Excerpts from the interview.
Why is Indian agriculture, despite years of government interventions, still ‘economically not viable'?
Forget the economics of it for a moment and think — however successful in service sector (such as ITES/BPO/telecom) we may be, how much ever the foreign exchange we may earn from other sectors, we cannot ‘eat' currency notes. Food, shelter and clothing, time and again, are something which any growing economy cannot do without. Of these, the only sector which is perennially going to be in short supply is FOOD – for the simple reason, people are quitting agriculture and moving to cities, cultivable land is shrinking, productivity is getting lower owing to overusage of chemicals and most importantly, the youth of this nation do not fancy an agri-career !

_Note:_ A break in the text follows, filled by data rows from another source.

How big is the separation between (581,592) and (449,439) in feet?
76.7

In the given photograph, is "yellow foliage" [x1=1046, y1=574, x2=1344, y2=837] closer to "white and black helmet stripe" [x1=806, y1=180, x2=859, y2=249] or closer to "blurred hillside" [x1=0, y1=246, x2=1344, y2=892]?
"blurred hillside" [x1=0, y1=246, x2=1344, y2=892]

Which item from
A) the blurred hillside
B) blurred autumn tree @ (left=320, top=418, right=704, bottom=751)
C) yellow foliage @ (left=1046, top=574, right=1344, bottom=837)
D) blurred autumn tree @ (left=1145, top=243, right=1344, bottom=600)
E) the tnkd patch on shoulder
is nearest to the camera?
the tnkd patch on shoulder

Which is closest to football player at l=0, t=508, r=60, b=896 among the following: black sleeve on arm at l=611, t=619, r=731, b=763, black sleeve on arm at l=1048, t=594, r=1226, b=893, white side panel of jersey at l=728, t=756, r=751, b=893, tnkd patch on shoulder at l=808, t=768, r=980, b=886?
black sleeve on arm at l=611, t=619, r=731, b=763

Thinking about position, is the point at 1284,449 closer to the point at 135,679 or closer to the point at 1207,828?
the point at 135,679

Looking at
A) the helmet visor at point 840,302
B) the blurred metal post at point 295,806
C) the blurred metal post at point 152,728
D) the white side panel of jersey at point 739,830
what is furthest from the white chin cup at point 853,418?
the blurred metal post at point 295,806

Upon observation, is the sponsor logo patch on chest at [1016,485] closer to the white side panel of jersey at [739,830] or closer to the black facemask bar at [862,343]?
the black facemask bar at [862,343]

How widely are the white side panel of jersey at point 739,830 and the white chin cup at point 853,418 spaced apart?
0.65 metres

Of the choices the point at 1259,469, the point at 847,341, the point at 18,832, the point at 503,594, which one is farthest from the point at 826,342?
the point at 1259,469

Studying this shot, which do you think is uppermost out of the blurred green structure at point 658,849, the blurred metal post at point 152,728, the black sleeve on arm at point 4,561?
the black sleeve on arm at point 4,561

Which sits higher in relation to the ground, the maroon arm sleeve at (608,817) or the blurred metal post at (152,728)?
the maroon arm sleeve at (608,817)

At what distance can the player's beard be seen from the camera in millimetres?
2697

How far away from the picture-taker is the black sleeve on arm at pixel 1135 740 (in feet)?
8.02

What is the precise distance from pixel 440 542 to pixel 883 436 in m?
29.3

Most importantly, we don't have valid data to predict this industry correctly. Farmers don't pay taxes. Almost all transactions are in cash. Most investments are through government grants to aid agencies. As it has always been seen as a ‘social obligation', we have not given it due recognition as an industry – even after thousands of years and still being the primary breadwinner for an overwhelming majority of our people. On the importance of management in agriculture industry.
It is said, “Agriculture is a very risky business.” Can you name one industry which is devoid of risk? Typically ‘high risk implies high return.' But how come agriculture has become, or is perceived to be, ‘high-risk, low-return' venture?

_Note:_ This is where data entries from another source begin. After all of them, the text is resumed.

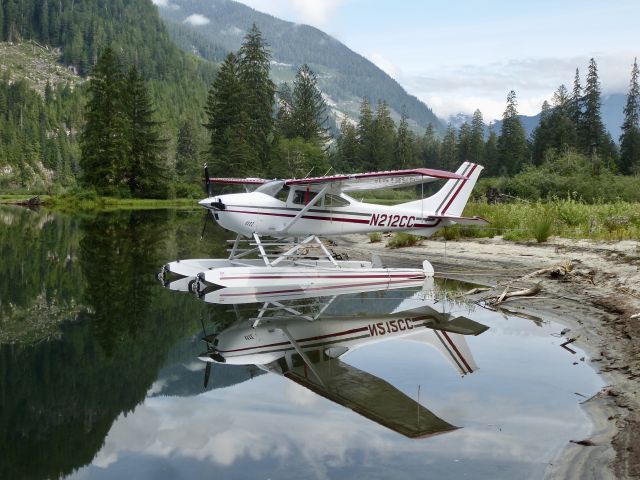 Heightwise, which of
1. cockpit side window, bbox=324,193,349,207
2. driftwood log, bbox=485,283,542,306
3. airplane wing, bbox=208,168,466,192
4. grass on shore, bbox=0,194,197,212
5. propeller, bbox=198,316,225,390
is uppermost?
airplane wing, bbox=208,168,466,192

It is true that the farmer has all the chips loaded against him. If it rains too much, his crops get washed out. If it is too little, the crops have drought impact. Even if the wind is too harsh, some crops break the stems. With more risks such as pests, price fluctuations, political unrest and so on, you have the perfect ingredient for a near disaster. In fact, one is surprised how, in spite of all this, we are actually able to get food on our plates every day.
But risks and unpredictability are there in any industry – even the Tatas had to move their dream project overnight. Lehman Brothers – the financial advisors to Fortune 100 firms – collapsed over a week-end. Satyam, hailed as corporate governance poster-child, failed to live up to its ‘truthful' name. Compared to such ‘man-made' disasters, the agri economy endures mostly the ‘god-made' ones which, however, with modern weather prediction satellites, are far more predictable.
Risks need to be ‘managed.' Issues need to be planned for and mitigated. These typically are where managers step in. In ‘organised' industries, most of these management tasks are individually handled by professionals with various complementary skills – marketing, sales, technology, corporate strategy, and finance. Ironically, in the agri sector, a rather Utopian concept has prevailed – that a farmer can do all these tasks himself, ‘from farm to fork,' and thus has the silver bullet to help him earn more money. In sum, farmers need assistance in planning cultivation, marketing produce, managing finances, but have no one to help. The agri institutions and NGOs have only assisted cultivation, and aren't competent to handle management-related tasks.
As agri industry is still primarily driven by subsidies, don't these skew all financial indicators of growth and success? Can farmers do without subsidies?
A common assertion is, “Agriculture survives on subsidies, hence the returns and profits are often notional.” True. All industries need some subsidy to start off, but once they stabilise and scale, the Government has been able to withdraw the sops. Even the IT industry needed tax-free status, infrastructure support through special zones, to jump-start.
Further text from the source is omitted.